PARIS, [DECRYPTAGE/Analyse] — La Cour de cassation a rendu son arrêt, le 17 novembre dernier, dans l'affaire Nicolas Perruche, cet enfant handicapé dont les parents ont porté plainte contre le médecin qui, à la suite d'une erreur de diagnostic prénatal, a empêche la décision d'avorter.

Selon l'arrêt de la Cour, l'enfant est fondé à engager la responsabilité du médecin pour être né gravement handicapé.

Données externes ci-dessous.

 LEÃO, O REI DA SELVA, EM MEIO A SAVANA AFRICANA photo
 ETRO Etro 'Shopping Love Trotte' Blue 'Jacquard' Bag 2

Quelles sont les conséquences de la décision des magistrats ? L'erreur médicale en cause a consisté non à provoquer le handicap de Nicolas, mais à communiquer une information fausse sur l'état de sa mère, atteinte de la rubéole, et sur les effets d'une telle pathologie. La mère aurait avorté si elle avait su qu'elle était atteinte ; dans ce cas, il n'y aurait pas eu préjudice pour l'enfant d'être né handicapé, puiqu'il serait mort avant d'être né.

La Cour laisse donc entendre que, parfois, la mort est le seul moyen de ne pas subir un handicap. En permettant, par omission, à cet enfant de vivre, les médecins lui ont fait subir un préjudice. Cet arrêt va donc dans le sens d'une accentuation de la mise sous conditions de la vie humaine.

Cette logique est déjà à l'oeuvre dans la loi permettant des interruptions thérapeutiques de grossesse et dans l'avis du comité d'éthique (CCNE) sur l'exception d'euthanasie. Ce n'est plus le droit à la vie qui est le fondement des autres droits, expression de la dignité humaine. Ce droit est conditionné par le droit au bien-être, notion subjective, relative et arbitraire.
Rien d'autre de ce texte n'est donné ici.